───── Records provided
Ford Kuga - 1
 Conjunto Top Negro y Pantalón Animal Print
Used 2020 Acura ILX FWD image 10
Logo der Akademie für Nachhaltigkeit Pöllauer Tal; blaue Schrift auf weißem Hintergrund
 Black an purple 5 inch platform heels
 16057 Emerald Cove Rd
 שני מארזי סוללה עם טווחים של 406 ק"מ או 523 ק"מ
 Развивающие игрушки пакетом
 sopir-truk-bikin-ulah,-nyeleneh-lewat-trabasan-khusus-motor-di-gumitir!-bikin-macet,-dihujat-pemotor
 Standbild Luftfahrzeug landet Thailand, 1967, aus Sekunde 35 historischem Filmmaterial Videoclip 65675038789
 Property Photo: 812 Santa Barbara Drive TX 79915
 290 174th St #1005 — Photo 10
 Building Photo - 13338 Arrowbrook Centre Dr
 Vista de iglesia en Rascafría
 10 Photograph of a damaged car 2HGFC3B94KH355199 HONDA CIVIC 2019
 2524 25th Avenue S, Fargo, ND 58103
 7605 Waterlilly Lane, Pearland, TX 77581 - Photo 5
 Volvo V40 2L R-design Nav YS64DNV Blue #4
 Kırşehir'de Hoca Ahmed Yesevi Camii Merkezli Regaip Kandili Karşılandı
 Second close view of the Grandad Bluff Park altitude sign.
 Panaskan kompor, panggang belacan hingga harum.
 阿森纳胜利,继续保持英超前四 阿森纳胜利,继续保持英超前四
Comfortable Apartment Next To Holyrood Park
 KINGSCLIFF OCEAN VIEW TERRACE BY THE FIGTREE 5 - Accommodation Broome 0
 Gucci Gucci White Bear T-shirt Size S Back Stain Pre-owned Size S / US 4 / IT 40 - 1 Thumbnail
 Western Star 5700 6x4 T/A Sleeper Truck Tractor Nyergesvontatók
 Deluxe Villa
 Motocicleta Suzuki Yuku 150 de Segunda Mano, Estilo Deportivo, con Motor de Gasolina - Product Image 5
──────────
## Prompt
Print exactly the lines from the one with "Kırşehir'de Hoca Ahmed" through the last line of the material, including both, and no others.

## Result for this exercise
 Kırşehir'de Hoca Ahmed Yesevi Camii Merkezli Regaip Kandili Karşılandı
 Second close view of the Grandad Bluff Park altitude sign.
 Panaskan kompor, panggang belacan hingga harum.
 阿森纳胜利,继续保持英超前四 阿森纳胜利,继续保持英超前四
Comfortable Apartment Next To Holyrood Park
 KINGSCLIFF OCEAN VIEW TERRACE BY THE FIGTREE 5 - Accommodation Broome 0
 Gucci Gucci White Bear T-shirt Size S Back Stain Pre-owned Size S / US 4 / IT 40 - 1 Thumbnail
 Western Star 5700 6x4 T/A Sleeper Truck Tractor Nyergesvontatók
 Deluxe Villa
 Motocicleta Suzuki Yuku 150 de Segunda Mano, Estilo Deportivo, con Motor de Gasolina - Product Image 5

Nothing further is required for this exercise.